BEGIN Exercise input

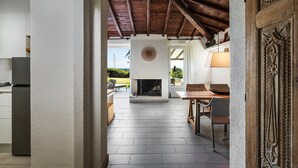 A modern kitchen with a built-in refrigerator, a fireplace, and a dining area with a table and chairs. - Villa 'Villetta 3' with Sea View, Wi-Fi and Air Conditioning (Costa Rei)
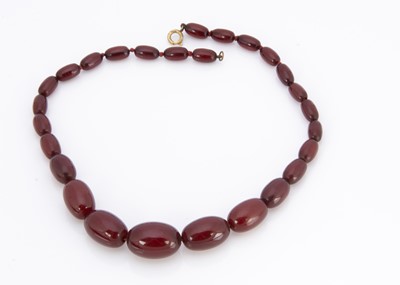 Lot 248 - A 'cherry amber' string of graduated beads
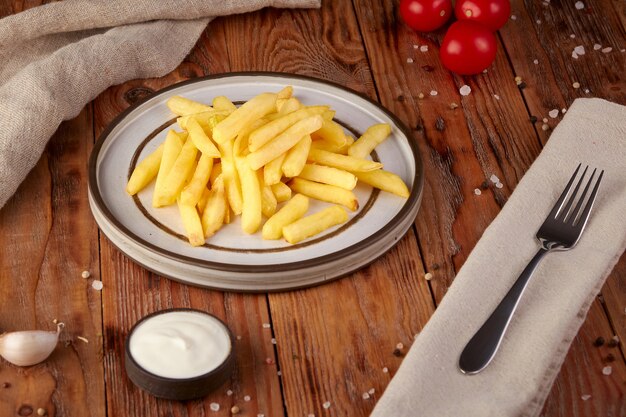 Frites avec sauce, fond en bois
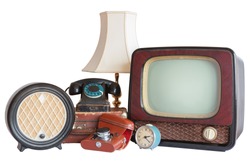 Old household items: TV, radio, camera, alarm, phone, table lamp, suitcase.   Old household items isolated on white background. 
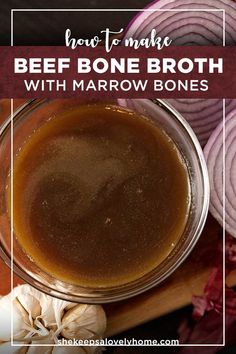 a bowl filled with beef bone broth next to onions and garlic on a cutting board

END Exercise input
BEGIN Exercise input

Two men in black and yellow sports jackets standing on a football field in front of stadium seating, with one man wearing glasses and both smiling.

END Exercise input
BEGIN Exercise input

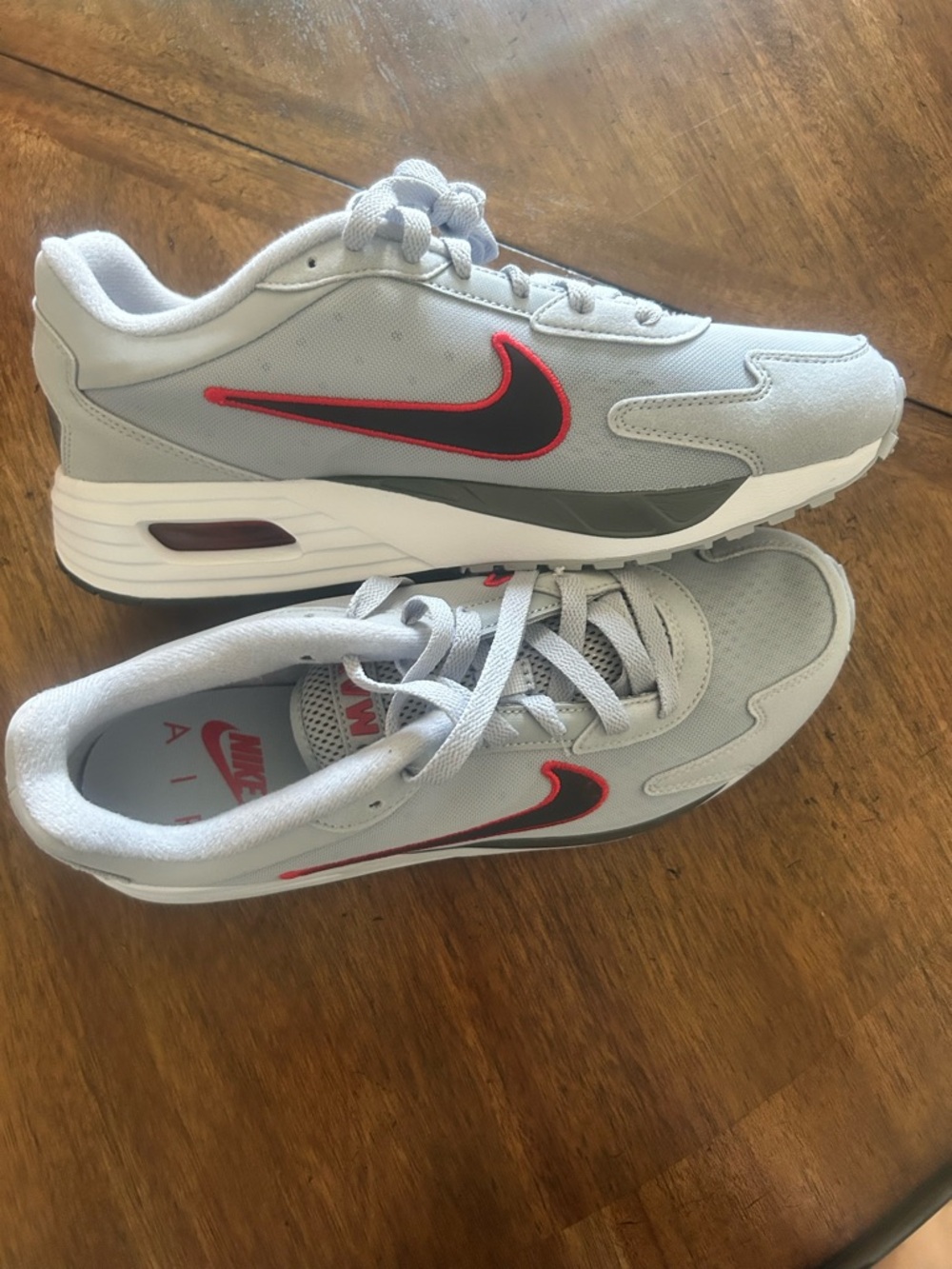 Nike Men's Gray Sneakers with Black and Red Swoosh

END Exercise input

Starting at the line above that holds "Old household items: TV, radio, camera, alarm, phone, table", repeat every line exactly down to and including the line that holds "a bowl filled", then stop. Do not carry over any pictures.

 Old household items: TV, radio, camera, alarm, phone, table lamp, suitcase.   Old household items isolated on white background. 
 a bowl filled with beef bone broth next to onions and garlic on a cutting board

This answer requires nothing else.